後がなくなったENEOSはディフェンスのギアを上げ、速攻を決める本来のスタイルを取り戻し猛追する。足が攣り、コートに倒れる宮崎だが、「大丈夫です。やれます!」とすぐさま立ち上がり、続くプレーで3ポイントシュートを決めた。残り12.6秒、72-71。1点リードするデンソーは逃げ切るべく、タイムアウト後に24秒のフルコートを選択。すぐさまENEOSがファウルで時計を止めた。今シーズンのフリースロー成功率は83.6%、この試合もこれまで8本全てを決めており、「髙田(真希)さんには打たせたくなかった」とファウルした岡本が言うほど、ENEOSは厳しい状況を迎える。
しかし、その髙田が2本ともフリースローを外してしまった。赤穂ひまわりがリバウンドを拾うがENEOSもそのボールに飛び付き、ジャンプボールシチュエーションとなり、ENEOSにチャンスが巡ってくる。残り5.1秒、デンソーは守りきれば勝てる状況だったが、ここで高田が痛恨のファウル。フリースローを得た岡本が2本ともしっかりと決め、73-72と逆転したENEOSが苦しみながらも先手を取った。

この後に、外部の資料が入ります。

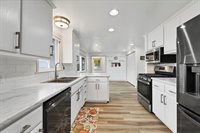 1135 Redwood Drive, Green Bay, WI 54304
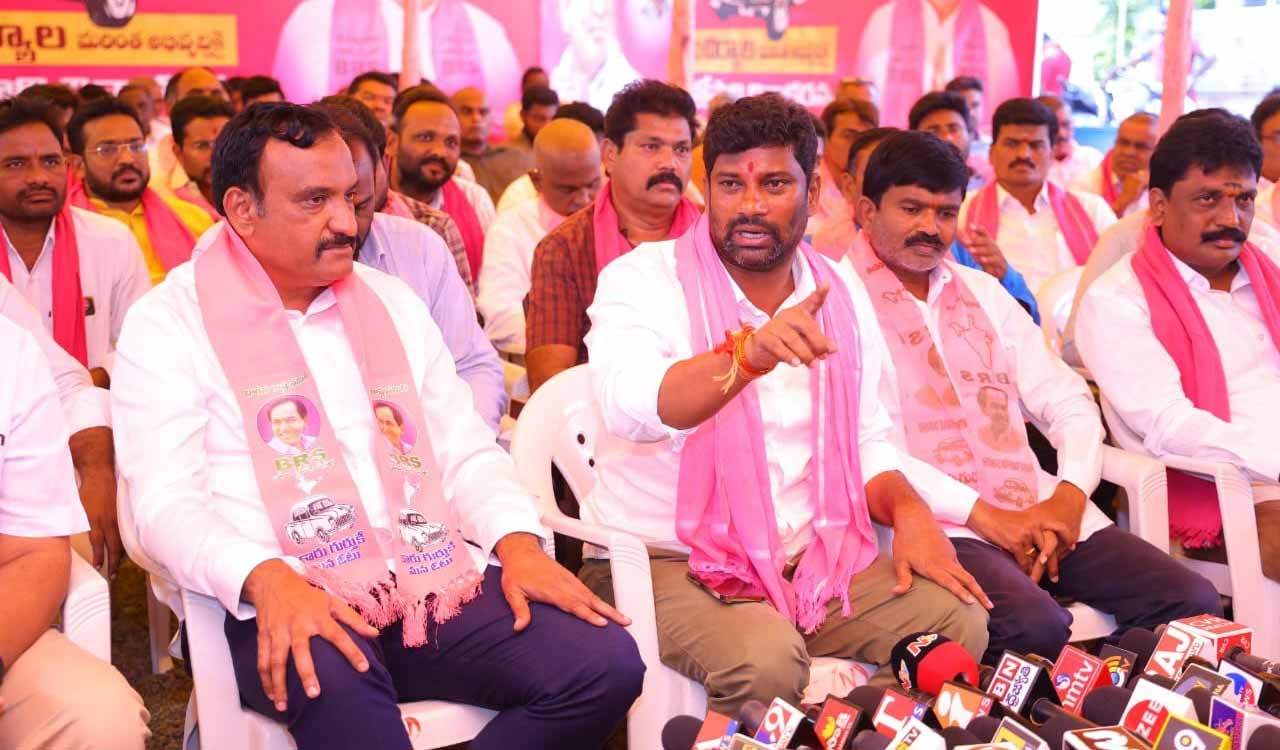 Suman slams Vivek for objectionable remarks against KCR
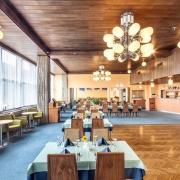 Café&amp;restaurant Hotel Horizont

敗れたマルコヴィッチヘッドコーチは、「選手たちには常に40分間戦うことを伝えているが、今日は残念なことに38分しかプレーを遂行できなかった」と悔やむ。しかし、62-78で敗れた皇后杯準決勝からの成長は見られている。敗れはしたが、互角に戦えたことを自信に変えれば、これからはじまる第2戦は違う結果が待っているかもしれない。
Wリーグプレーオフ セミファイナル第2戦は本日3月15日(月)16時より、有観客試合で行われる。